◆ **WORK ITEM**: An exact copy is needed of the lines from the one that contains "Caterpillar 320D 15m Set Foto 17 thumbnail" through the final line of the data below, with pictures left out.

◆ **LISTED RECORDS**:
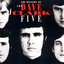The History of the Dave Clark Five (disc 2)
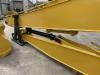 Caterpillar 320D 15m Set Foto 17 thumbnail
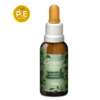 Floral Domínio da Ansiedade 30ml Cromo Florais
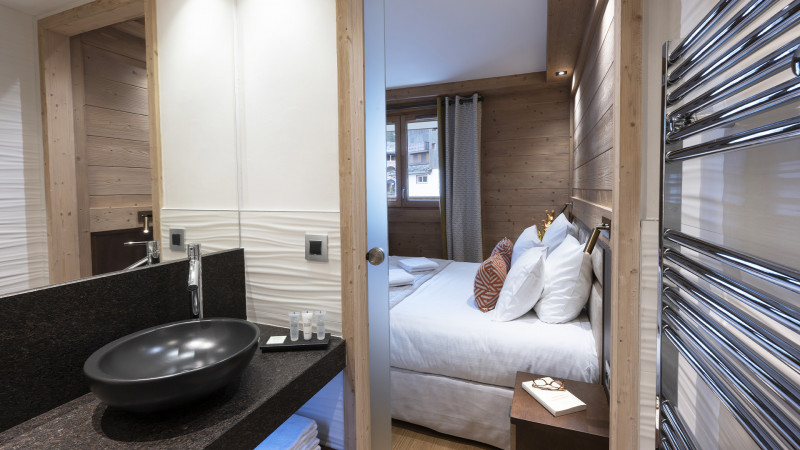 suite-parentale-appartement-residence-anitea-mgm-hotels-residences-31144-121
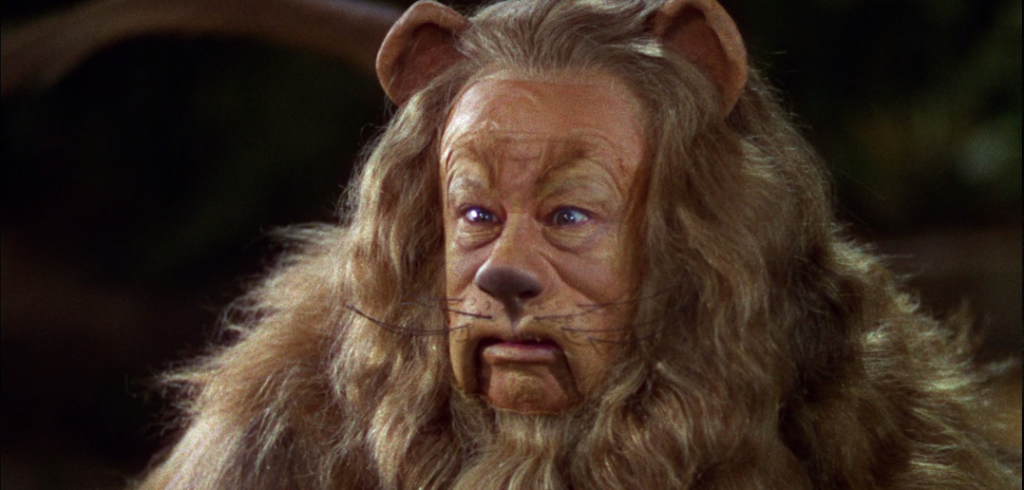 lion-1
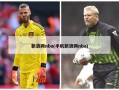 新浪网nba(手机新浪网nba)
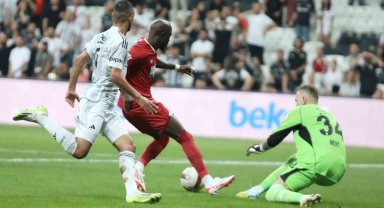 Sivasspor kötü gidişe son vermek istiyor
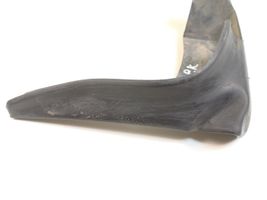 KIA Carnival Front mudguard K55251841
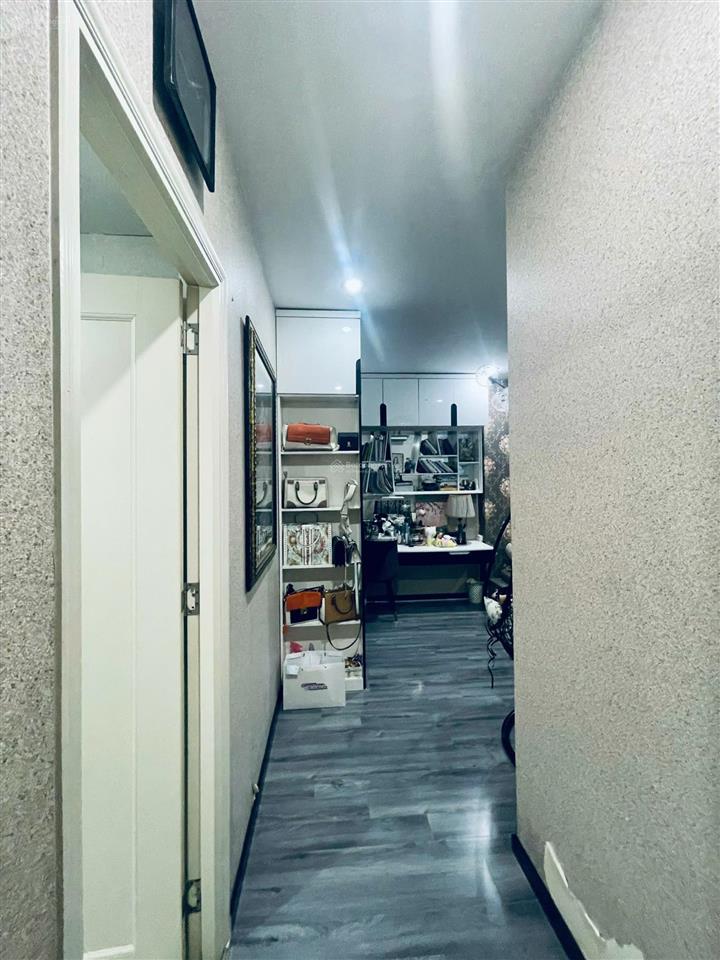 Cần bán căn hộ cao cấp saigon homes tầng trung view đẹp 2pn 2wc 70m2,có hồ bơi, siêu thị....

◆ **TASK OUTPUT**:
 Caterpillar 320D 15m Set Foto 17 thumbnail
 Floral Domínio da Ansiedade 30ml Cromo Florais
 suite-parentale-appartement-residence-anitea-mgm-hotels-residences-31144-121
 lion-1
 新浪网nba(手机新浪网nba)
 Sivasspor kötü gidişe son vermek istiyor
 KIA Carnival Front mudguard K55251841
 Cần bán căn hộ cao cấp saigon homes tầng trung view đẹp 2pn 2wc 70m2,có hồ bơi, siêu thị....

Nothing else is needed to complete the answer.